Fu portata la barella; i rami trasversali erano stati coperti di muschi e di lunghe erbe; vi si distese Cyrus Smith, e tutti s’incamminarono verso la costa, Pencroff tenendo un’estremità della barella, Nab l’altra.

Bisognava percorrere otto miglia; ma siccome non si poteva camminar spedito, e si doveva forse arrestarsi di frequente, bisognava contare sopra sei ore almeno di viaggio prima di giungere ai Camini.

Il vento era sempre impetuoso, ma per buona sorte non pioveva. Così coricato com’era, l’ingegnere osservava la costa, sopratutto nella direzione contraria al mare; non parlava, ma guardava; e certo il disegno di quella regione, co’ suoi accidenti di terreno, colle sue foreste, colle sue produzioni diverse, si scolpì nel suo spirito; ma dopo due ore di cammino, vinto dalla stanchezza, Cyrus Smith s’addormentò sulla barella.

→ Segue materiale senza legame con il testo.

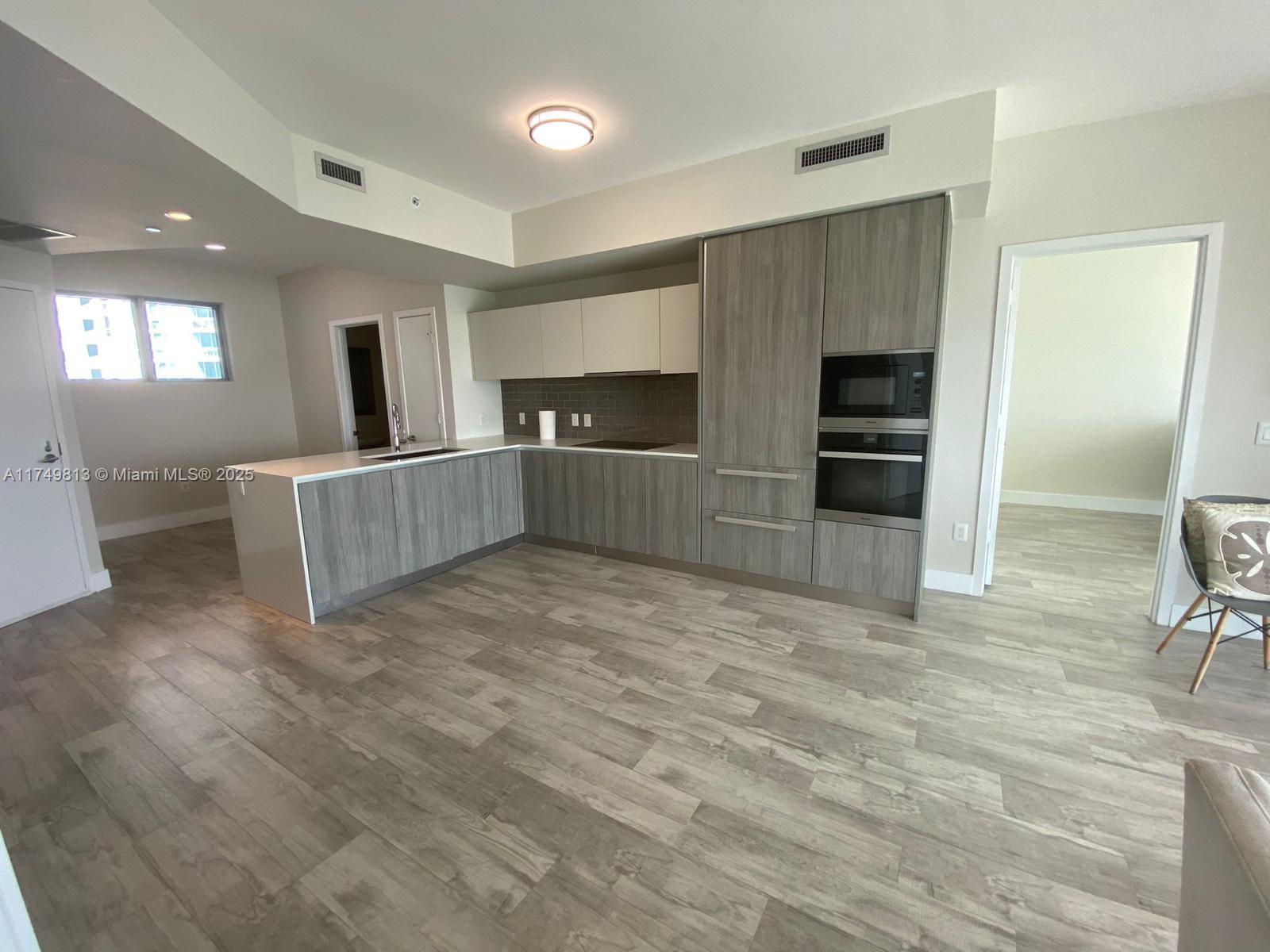 2900 NE 7th Ave #705, Miami FL 33137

Alle cinque e mezzo la piccola comitiva giungeva alla falda della collina e poco dopo dinanzi ai Ca mini. Tutti s’arrestarono, e la lettiga fu deposta sulla sabbia. L’ingegnere dormiva profondamente e non si svegliò.

Pencroff potè allora accertare, con sua gran meraviglia, che la spaventevole burrasca della vigilia avea modificato l’aspetto dei luoghi. Erano avvenute frane importanti; grossi macigni giacevano sul greto, ed un fitto tappeto di alghe e di altre erbe marine copriva tutta la spiaggia. Era evidente che il mare, passando per disopra l’isolotto, s’era portato sino al piede dell’enorme cortina di granito.